I happened to grow up in the same small Massachusetts town that ZHQ is located in. Right next door to be exact. One of the nice things (for the most part) of growing up in a small town is that everyone knows each other. These days, when I run into old teachers or parents of high school friends and they ask what I do for work, I tell them I work for Zentangle. If they are unsure about what Zentangle is, I will sometimes say I work for Maria Thomas, since in our small town, most people know who Maria is. Once I tell them who I work for, more often than not they respond with, “I didn’t know you were an artist!”

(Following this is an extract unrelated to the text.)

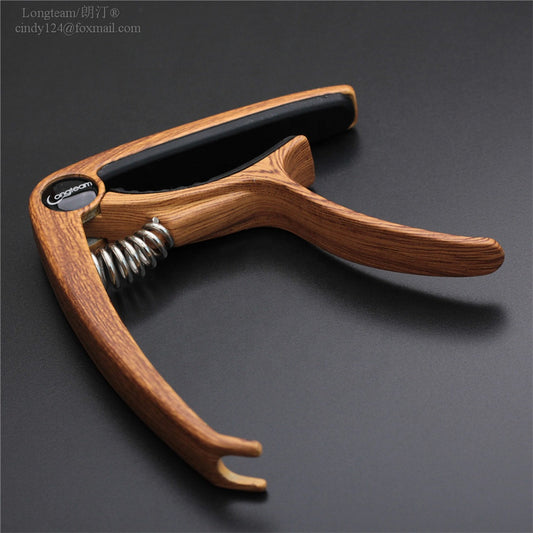 Capo för ukulele/gitarr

I always seem to laugh at this assumption and assure whoever I am talking to that Zentangle most certainly did not hire me for my artistic abilities. I began to wonder how could I truly believe that everyone IS an artist, while simultaneously laughing at the mere suggestion that I might be an artist?
If you had asked me at age 7 what I wanted to be when I grew up, I would have told you that I was going to be an artist (well, probably a princess who was also an artist). Like many kids, I colored, I drew, and I painted all day long. I never wondered whether or not I was good at what I was doing. I was simply creating. Like many kids, somewhere along the way I began to question my legitimacy as an artist and comparing my work in art class to the other students. All of a sudden, it occurred to me that I might not be “good” at art. So, I stopped creating. I found other things that I was better at and pursued those. I think many people can relate to this. As children, we are not plagued with the doubt and insecurity that we develop as we get older.

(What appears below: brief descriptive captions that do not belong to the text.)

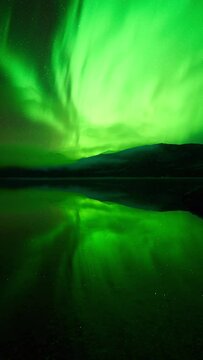 Strong reflections of an aurora in a silent lake in October.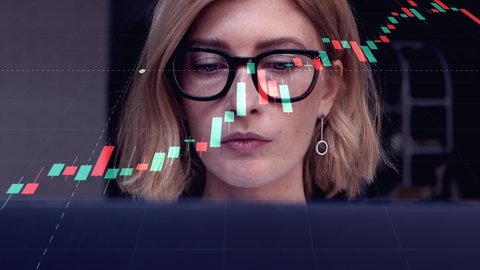 Portrait of attractive blond woman in glasses working on laptop to research financial markets. A businesswoman trader analyzing stock market rates to make the best investment solution. 4k, real time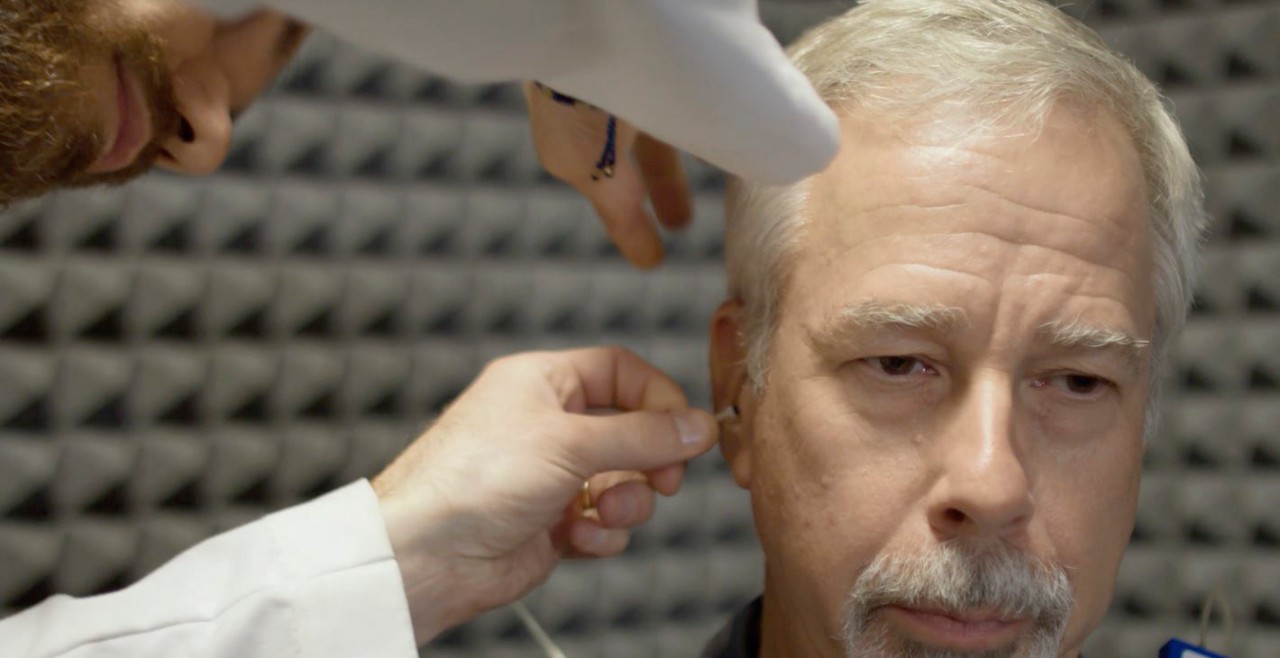 Man taking a hearing evaluation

It is this same doubt and insecurity that makes me react the way I do when people ask if I am an artist. I know that most people asking are thinking of Maria’s calligraphy and botanical art. So, if I admit that I am an artist, they are going to assume I am of the same caliber and once again I am questioning my legitimacy as an artist.
It is true – Rick and Maria did not hire me for my artistic abilities, but that doesn’t make me any less of an artist. They also did not hire me for my baking abilities but that doesn’t mean I don’t bake a mean apple pie.
I decided I needed to be a little nicer to the artist inside of me. If I am going to encourage my students to embrace the artist in them, I needed to do the same. The Zentangle Method speaks to everyone, of all different artistic backgrounds, but I really think it offers a special gift to those of us who were previously “not an artist.” It is a secret passageway back to those childhood days when we colored and painted as if we were the next Picasso and no one was going to tell us otherwise. It is an opportunity to create something beautiful and to activate those parts of ourselves that we stifled so long ago.
The last time someone asked me about what I did for work, I talked about the Zentangle Method and when I could tell they were having trouble visualizing what I was talking about, I opened the Zentangle Mosaic app and showed them some of my work as an example. They looked at me and said, “Oh, you’re an artist!”